Paper Insights #16 - Cassandra - A Decentralized Structured Storage System

This research paper, authored by Avinash Lakshman (co-inventor of Amazon Dynamo) and Prashant Malik, originates from Facebook and dates back to 2008.

Paper Link

Cassandra, in its design, appears to be a synthesis of Amazon's Dynamo (2007) and Google's Bigtable (2006). It draws heavily upon the concepts of both systems. Notably, this paper was published during the rise of these influential databases.

Recommended Reads:

Let's begin with the concept of failure detections and gossip protocols which are a highlight of this paper.

Failure Detectors

In the realm of computer science, the FLP Impossibility result is a foundational concept. It states that in an asynchronous network where a single node can crash, it's impossible to simultaneously guarantee both safety and liveness (or termination). Crash faults are always a possibility in large systems and real-world networks are always asynchronous. This makes consensus, state machine replication and atomic broadcasts impossible problems to solve.
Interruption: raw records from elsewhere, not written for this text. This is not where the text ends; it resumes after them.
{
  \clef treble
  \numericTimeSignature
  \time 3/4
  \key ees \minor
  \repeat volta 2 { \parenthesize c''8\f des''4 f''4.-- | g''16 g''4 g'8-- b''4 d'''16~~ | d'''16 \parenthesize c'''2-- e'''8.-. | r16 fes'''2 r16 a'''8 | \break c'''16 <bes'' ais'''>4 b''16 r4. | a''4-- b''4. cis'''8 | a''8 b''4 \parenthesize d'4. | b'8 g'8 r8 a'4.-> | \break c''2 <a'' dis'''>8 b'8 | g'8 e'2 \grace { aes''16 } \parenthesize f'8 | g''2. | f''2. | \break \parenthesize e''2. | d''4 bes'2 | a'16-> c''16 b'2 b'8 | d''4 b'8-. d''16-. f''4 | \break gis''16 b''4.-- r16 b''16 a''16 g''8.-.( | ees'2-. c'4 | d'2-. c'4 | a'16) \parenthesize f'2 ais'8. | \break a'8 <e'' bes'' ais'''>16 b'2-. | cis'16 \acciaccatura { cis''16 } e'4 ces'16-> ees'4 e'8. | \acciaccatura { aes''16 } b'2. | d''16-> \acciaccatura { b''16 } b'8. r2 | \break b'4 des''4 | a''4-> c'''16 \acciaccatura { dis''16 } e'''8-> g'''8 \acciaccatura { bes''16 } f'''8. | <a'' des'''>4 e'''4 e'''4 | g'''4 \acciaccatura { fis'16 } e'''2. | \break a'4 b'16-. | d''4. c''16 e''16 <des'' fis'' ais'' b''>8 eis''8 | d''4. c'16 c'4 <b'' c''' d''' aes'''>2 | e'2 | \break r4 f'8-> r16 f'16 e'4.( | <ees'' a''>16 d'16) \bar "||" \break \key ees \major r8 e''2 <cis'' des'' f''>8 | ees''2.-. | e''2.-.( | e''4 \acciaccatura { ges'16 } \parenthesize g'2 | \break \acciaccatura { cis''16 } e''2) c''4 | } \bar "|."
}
Algorithms like Paxos ensure safety but not termination. Achieving termination necessitates some degree of synchrony, whether it's partial or full synchronization within the network. Consequently, all practical consensus algorithms in real-world asynchronous networks rely on assumptions about network time bounds. These bounds are crucial for making progress and ensuring termination.

Failure detectors are essential components within these algorithms. They assist in approximately identifying and isolating faulty nodes, enabling the system to continue making progress despite the presence of failures.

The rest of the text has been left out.